» **What the task requires**: In the copy, keep every line below as it is and leave out the pictures.

[Crawled caption data]
++++++++++++++++++++

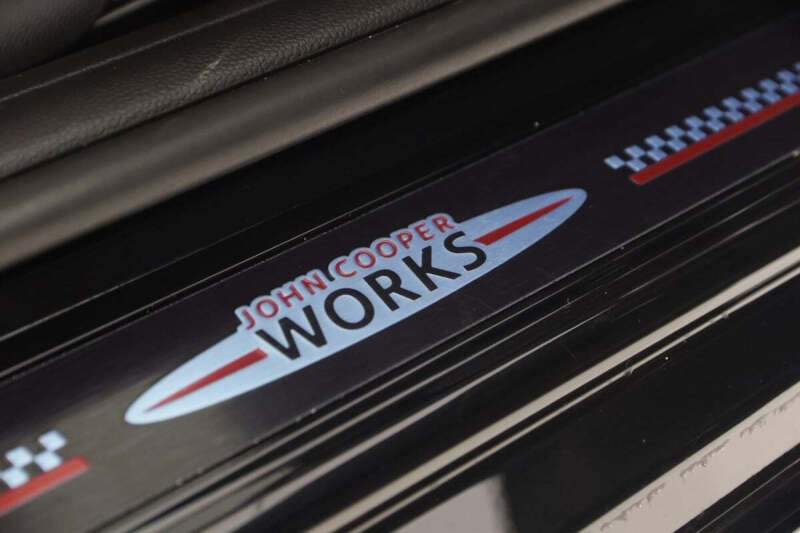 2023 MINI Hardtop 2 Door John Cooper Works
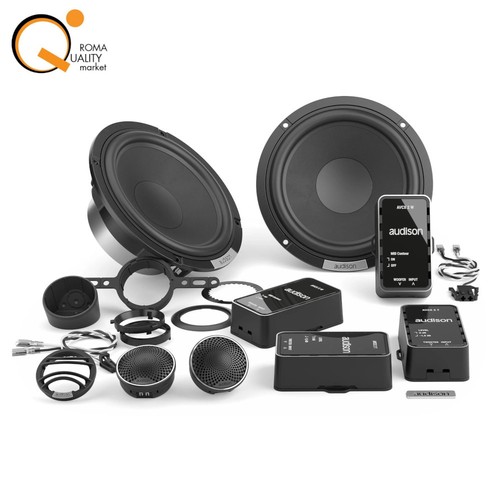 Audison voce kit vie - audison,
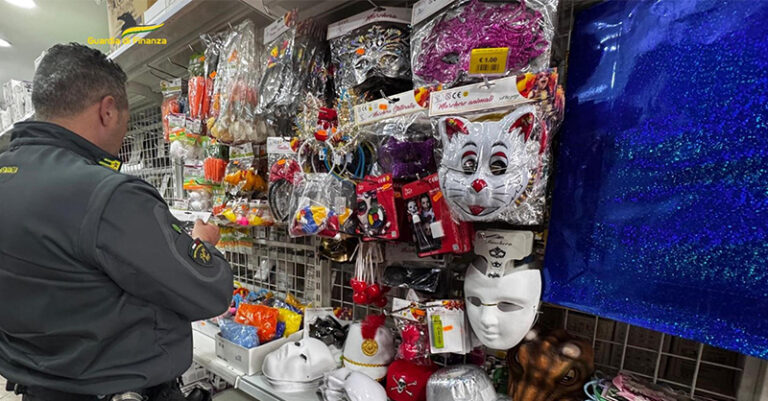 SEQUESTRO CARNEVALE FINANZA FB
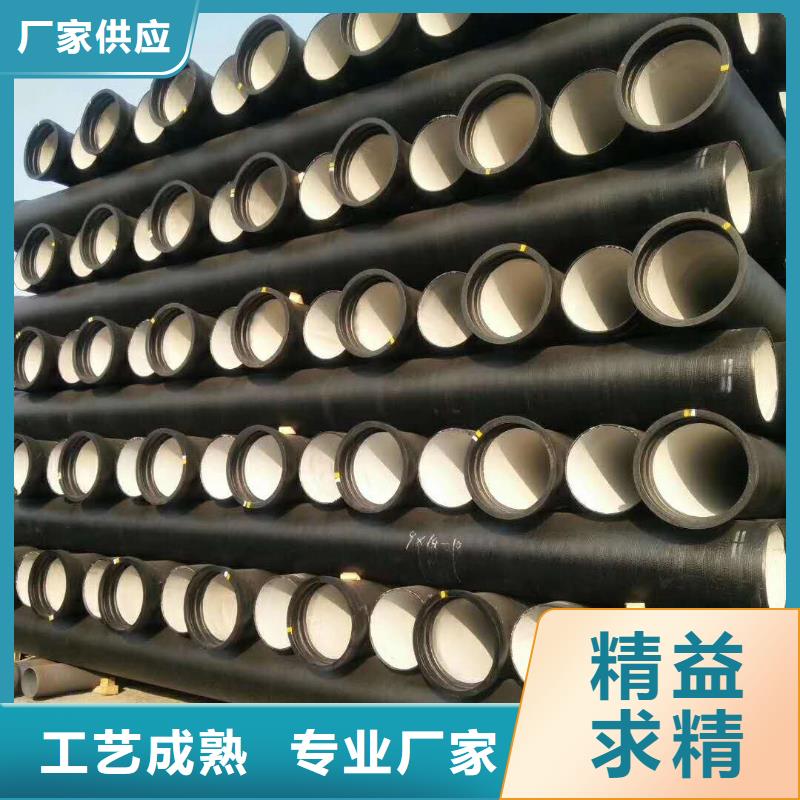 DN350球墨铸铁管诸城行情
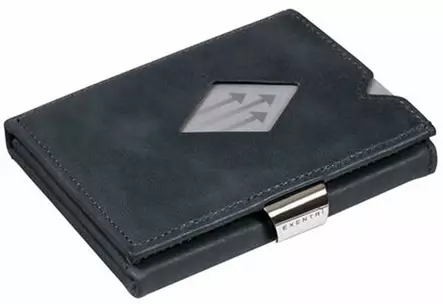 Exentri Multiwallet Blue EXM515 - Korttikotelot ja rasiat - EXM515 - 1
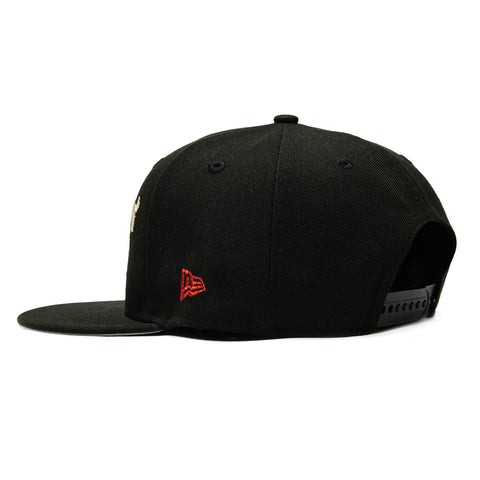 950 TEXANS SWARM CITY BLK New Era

++++++++++++++++++++

» **Solution to this exercise**:
 2023 MINI Hardtop 2 Door John Cooper Works
 Audison voce kit vie - audison,
 SEQUESTRO CARNEVALE FINANZA FB
 DN350球墨铸铁管诸城行情
 Exentri Multiwallet Blue EXM515 - Korttikotelot ja rasiat - EXM515 - 1
 950 TEXANS SWARM CITY BLK New Era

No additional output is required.